How Italy came to be Europe’s coffee capital
Rome: Given how protective Italians can be over their coffee culture, you might be forgiven for thinking they invented the drink.
But that title actually goes to Ethiopia, where much of the world’s coffee is still grown today.
According to the coffee blog Home Grounds, the story goes that in 700 AD, an Abyssinian goatherder named Kaldi found his goats prancing around and acting strangely.
Seeing red berries on some nearby bushes, Kaldi surmised that they might be behind his herd’s odd behaviour.
At this point different versions of the story diverge in their telling: one says Kaldi gave the berries to a monk, who was happy to find something to help him stay awake to pray all night; another says the monk disapproved and threw the beans on the fire, where they released the delicious aroma of roasted coffee beans.

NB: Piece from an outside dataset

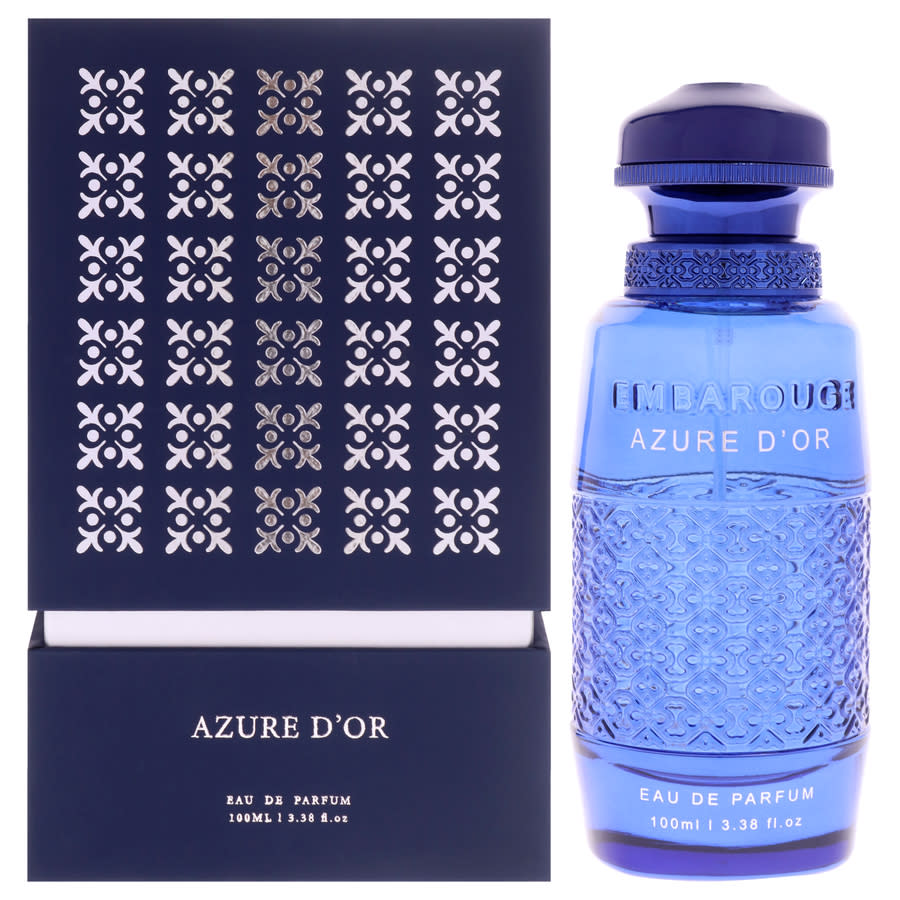 Bellavita Mens Embarouge Collection - Azure Dor EDP Spray 3.38 oz Fragrances 6295199067284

Either way, humans started drinking coffee, and they haven’t stopped since. From Ethiopia, coffee spread across the ocean to Yemen and proliferated throughout the Arabian peninsula. Here it gave rise coffeehouses or qahveh khaneh, which became hubs of social and cultural activity.
Coffee didn’t make its way to Italy until 16th century, when Venetian sailors brought it back from the Ottoman empire.
At first this black, bitter liquid was feared to be from the devil, and local priests called on Pope Clement VIII to denounce it.
But, the legend goes, the pope decided to give the drink a try before delivering his judgement; and after a few sips, he proclaimed, “This Satan’s drink is so delicious that it would be a pity to let the infidels have exclusive use of it.” He gave the drink his blessing – but not before baptising the beans, just to be safe.
Coffeehouses subsequently started popping up in Venice in around the late 17th century, and by the mid-1700s there were over 200 of them, frequented by great artists, writers and poets of the time.
But it wasn’t until the late 19th century that a series of Italian inventors started devising the innovations that led to Italy gaining its current reputation as Europe’s custodian of coffee.
As coffee became more and more popular, people started looking for ways to produce it at speed rather than having to leave each cup to brew for several minutes, and the idea of forcing steam through coffee grounds at pressure in order to make coffee quickly began to take hold.
An old-fashioned Italian espresso machine. Photo by Gabriella Clare Marino on Unsplash The first effort at something approaching an espresso (literally, ‘pressed out’) machine was presented by Angelo Moriondo at the Turin General Exposition in 1884, where it won a bronze medal – but the device was somewhat impractical in its design, and was never produced commercially.
A while later, in 1901, Milanese inventor Luigi Bezzerra developed and patented a smaller and more efficient version of the machine, making it commercially viable, though it still had some faults.
By 1906, Bezzerra and fellow inventor Desiderio Pavoni had more or less perfected their version of the instrument, and the first steam-based espresso machine went on the market.
This device was ultimately replaced by Achille Gaggia’s 1938 invention, which dispensed with the steam (which could give the coffee a burnt flavour) and made espresso by forcing hot water through the coffee grounds at very high pressure, producing a highly concentrated drink very similar to what we think of as espresso today.
In between, one Alfonso Bialetti came out with his stovetop Moka caffettiera in 1933, which allowed ordinary Italians to make something not unlike espresso coffee in the comfort of their own homes.
With these inventions, Italy developed a reputation for being Europe’s, if not the world’s, coffee capital – a recognition it guards fiercely today.
The question of who ‘owns’ Italy’s coffee culture was raised earlier this year, when it transpired that the Consortium for the Protection of Traditional Italian Espresso Coffee in Treviso and the Region of Campania had separately sought UNESCO recognition for the espresso coffee tradition; the consortium representing all of Italy and Campania representing Naples, which is particularly proud of its coffee culture.
One academic who worked on Campania’s bid decried the Treviso consortium’s application as “an act of war by the north against the south”, the Wall Street Journal reported at the time, while the consortium’s founder Giorgio Caballini described Naples’ attempt to assert ownership over Italian espresso as “unacceptable”.
In the end, neither won: Italy’s UNESCO committee told the two groups it was disallowing both their candidacies, and to apply again as a united front next year. Hopefully, they can resolve their differences – perhaps over an espresso or two.